__Material for the task__.
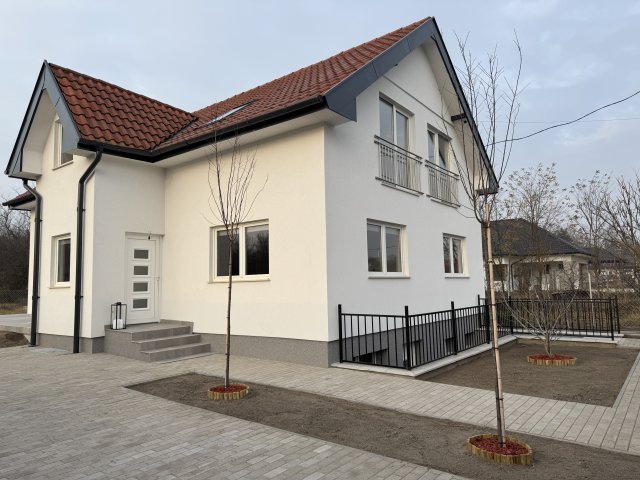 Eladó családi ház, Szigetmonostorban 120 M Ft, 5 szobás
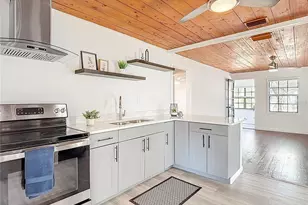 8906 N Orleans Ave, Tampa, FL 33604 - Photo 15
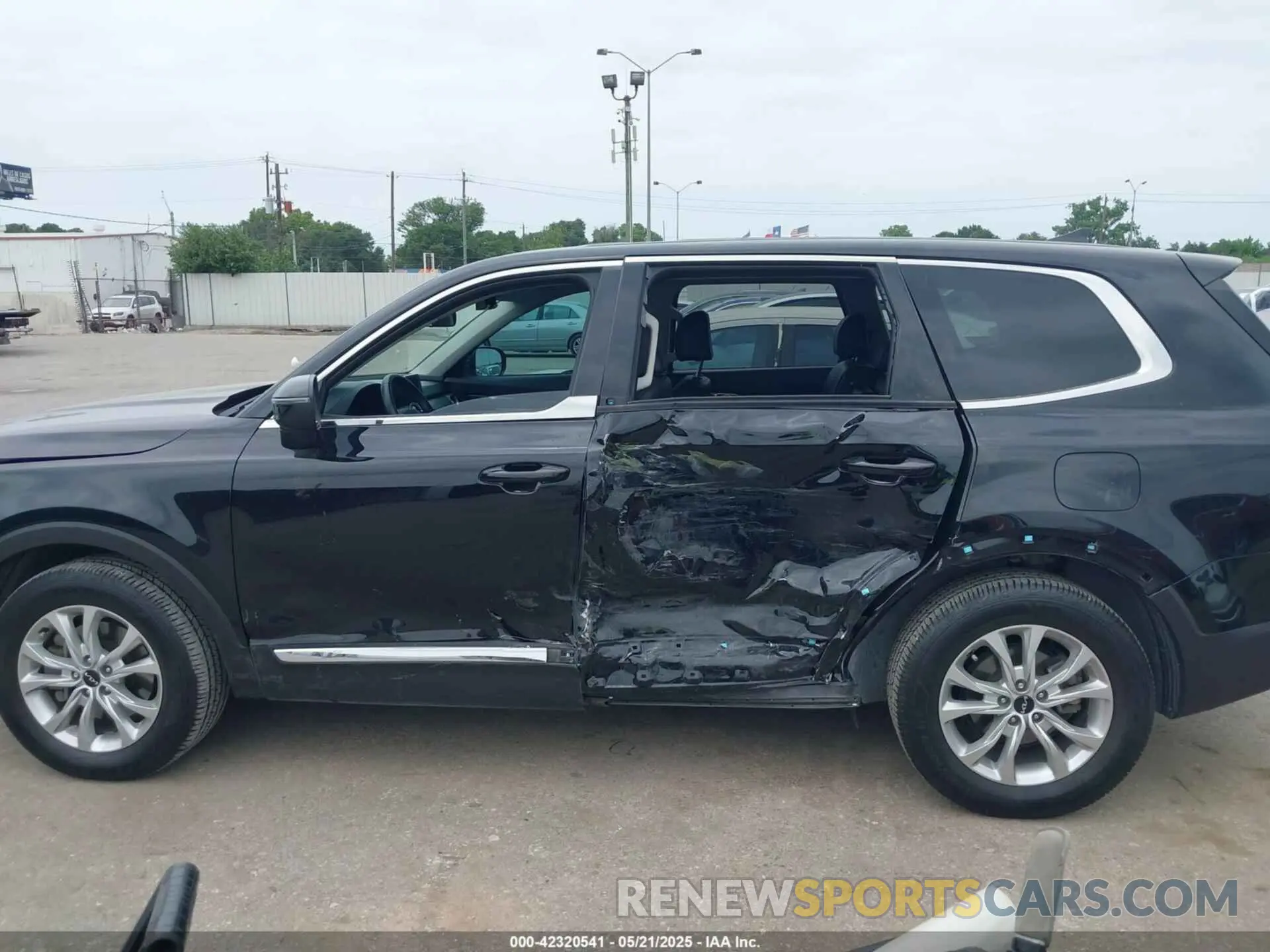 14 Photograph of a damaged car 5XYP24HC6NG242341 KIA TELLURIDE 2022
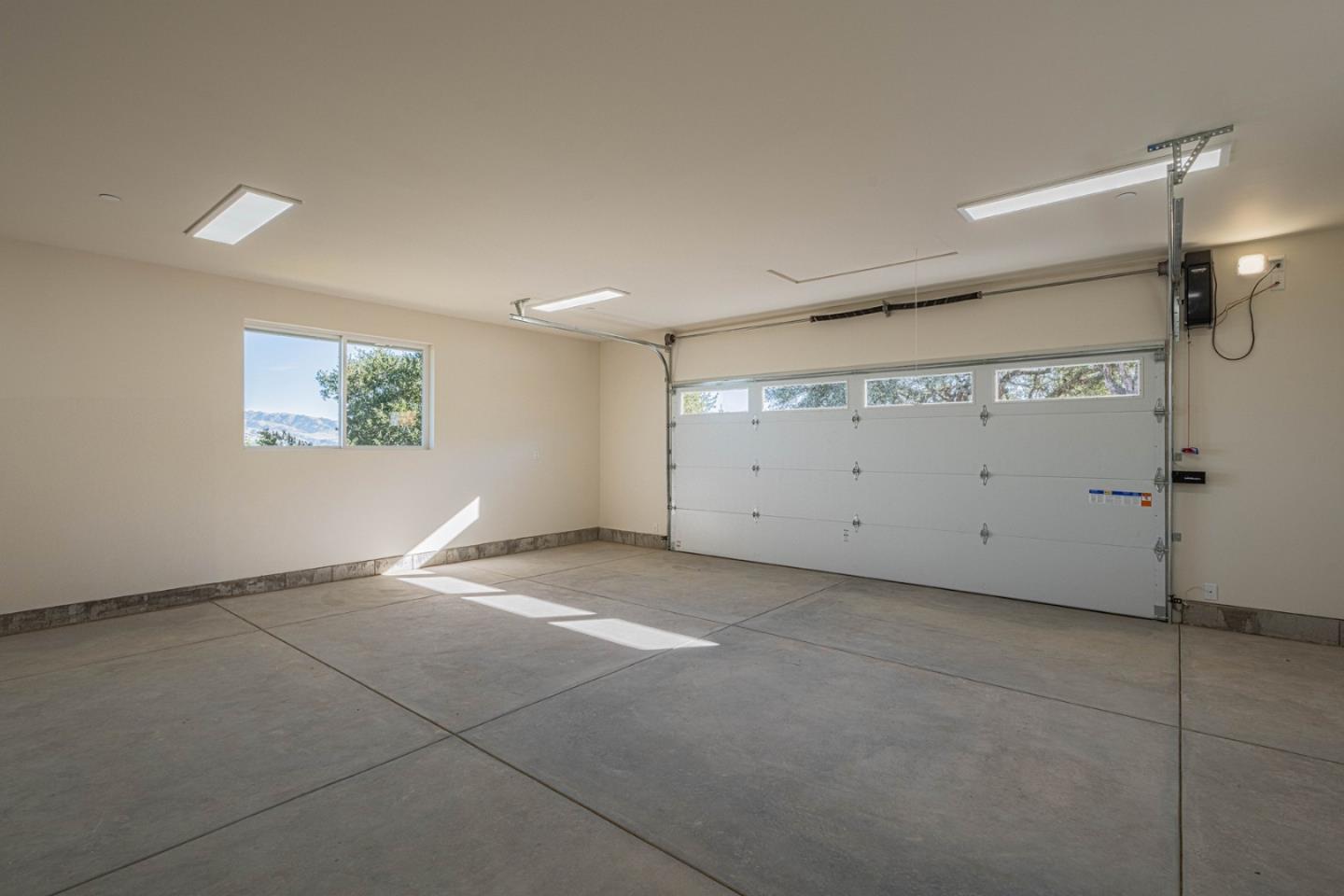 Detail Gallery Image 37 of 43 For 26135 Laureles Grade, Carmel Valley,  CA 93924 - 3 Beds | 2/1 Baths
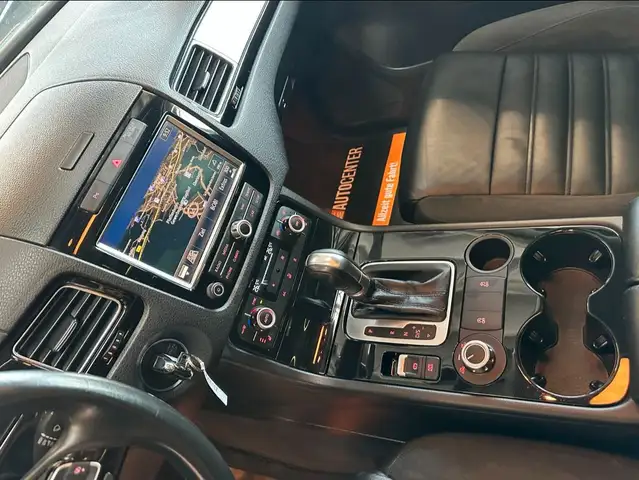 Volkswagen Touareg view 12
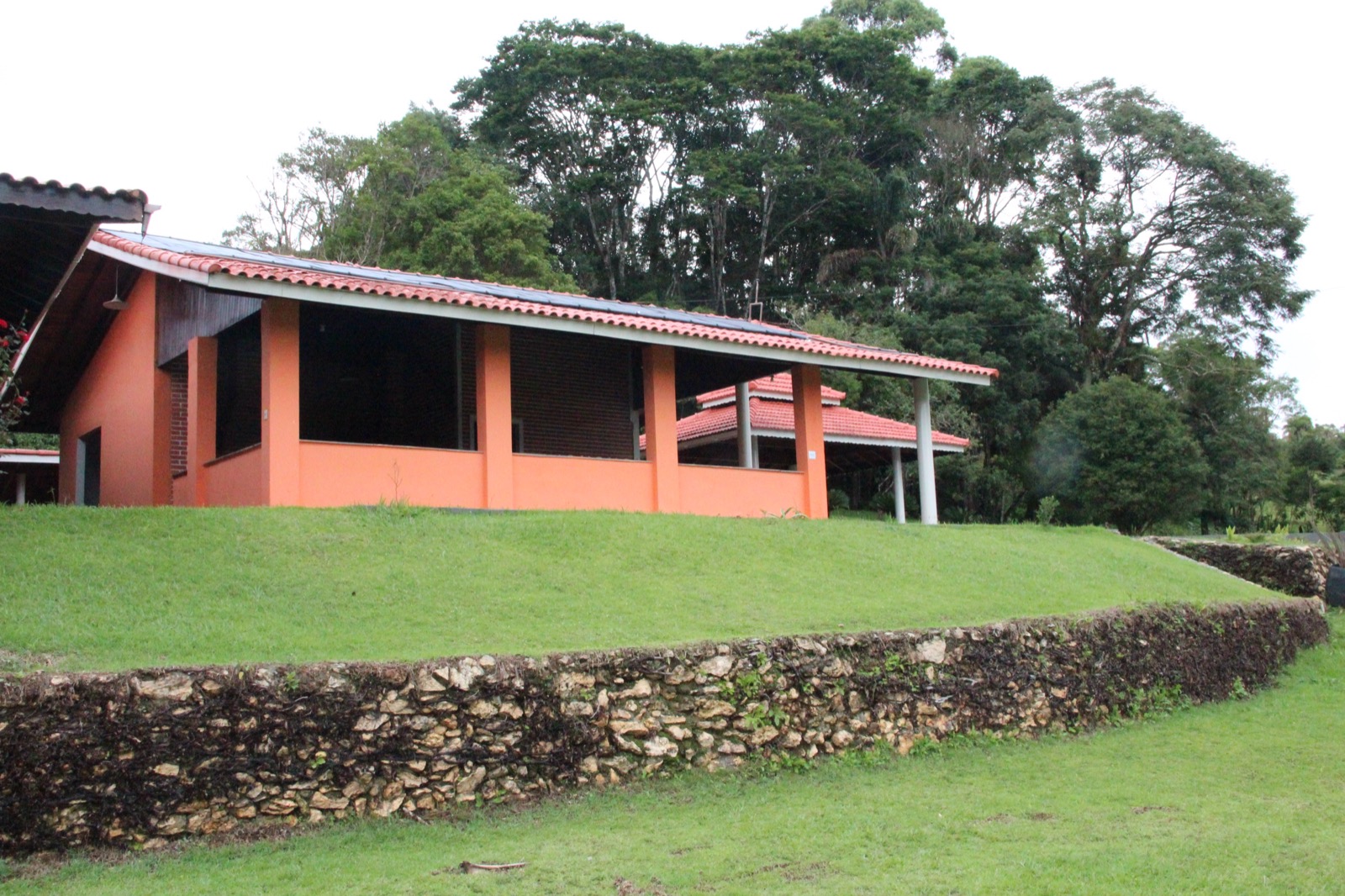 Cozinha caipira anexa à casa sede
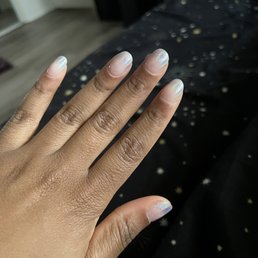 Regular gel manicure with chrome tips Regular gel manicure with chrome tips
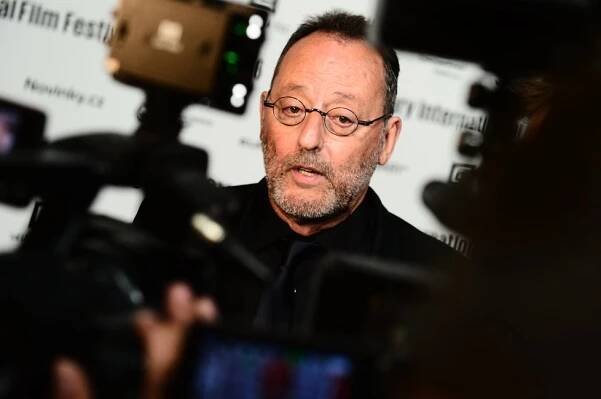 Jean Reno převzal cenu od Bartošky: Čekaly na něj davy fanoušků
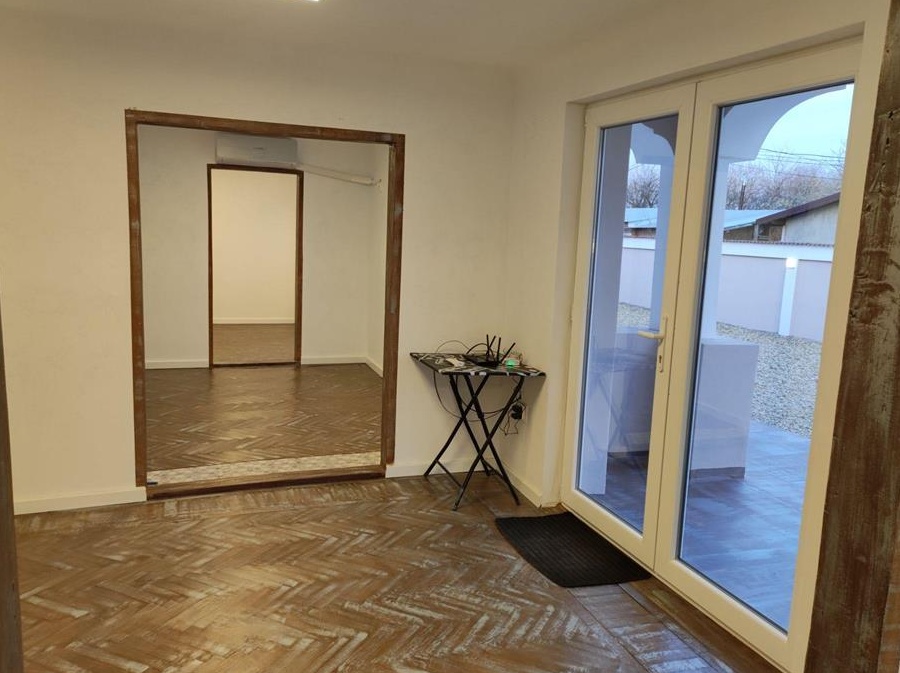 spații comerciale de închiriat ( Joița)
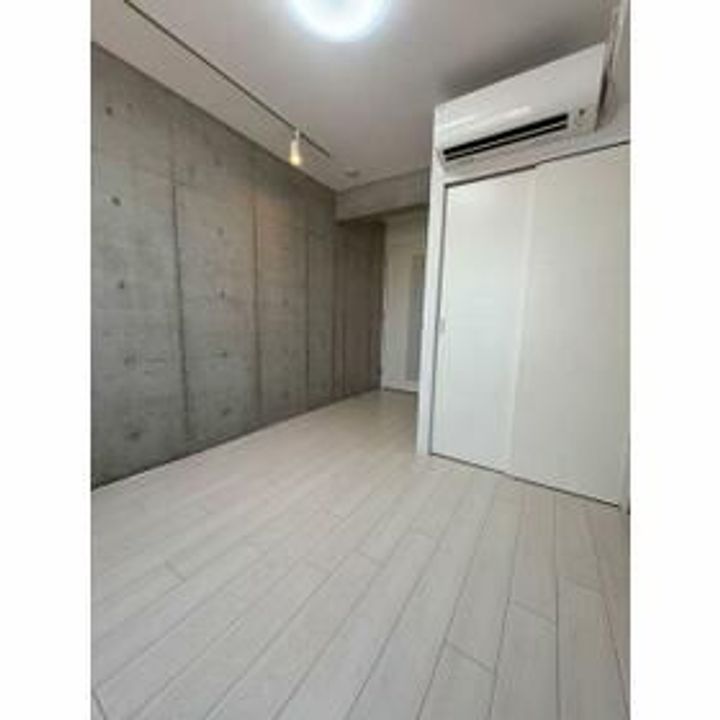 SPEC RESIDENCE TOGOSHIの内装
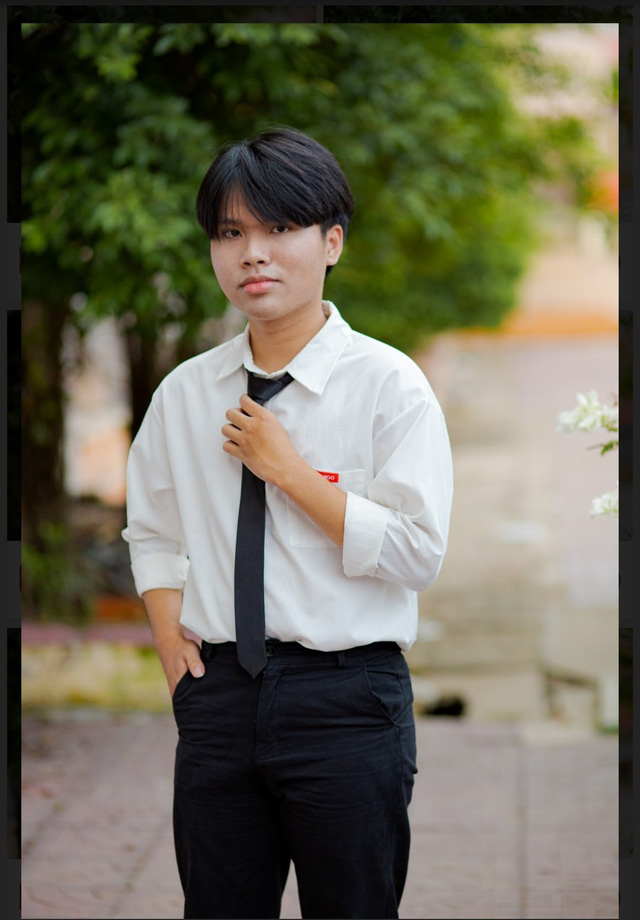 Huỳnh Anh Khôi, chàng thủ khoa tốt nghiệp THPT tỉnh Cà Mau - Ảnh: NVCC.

__Task description__. Copy nothing but the lines above from the one with "14 Photograph of" through the end of the material, word for word, and drop the pictures.

__Result below__.
 14 Photograph of a damaged car 5XYP24HC6NG242341 KIA TELLURIDE 2022
 Detail Gallery Image 37 of 43 For 26135 Laureles Grade, Carmel Valley,  CA 93924 - 3 Beds | 2/1 Baths
 Volkswagen Touareg view 12
 Cozinha caipira anexa à casa sede
 Regular gel manicure with chrome tips Regular gel manicure with chrome tips
 Jean Reno převzal cenu od Bartošky: Čekaly na něj davy fanoušků
 spații comerciale de închiriat ( Joița)
 SPEC RESIDENCE TOGOSHIの内装
 Huỳnh Anh Khôi, chàng thủ khoa tốt nghiệp THPT tỉnh Cà Mau - Ảnh: NVCC.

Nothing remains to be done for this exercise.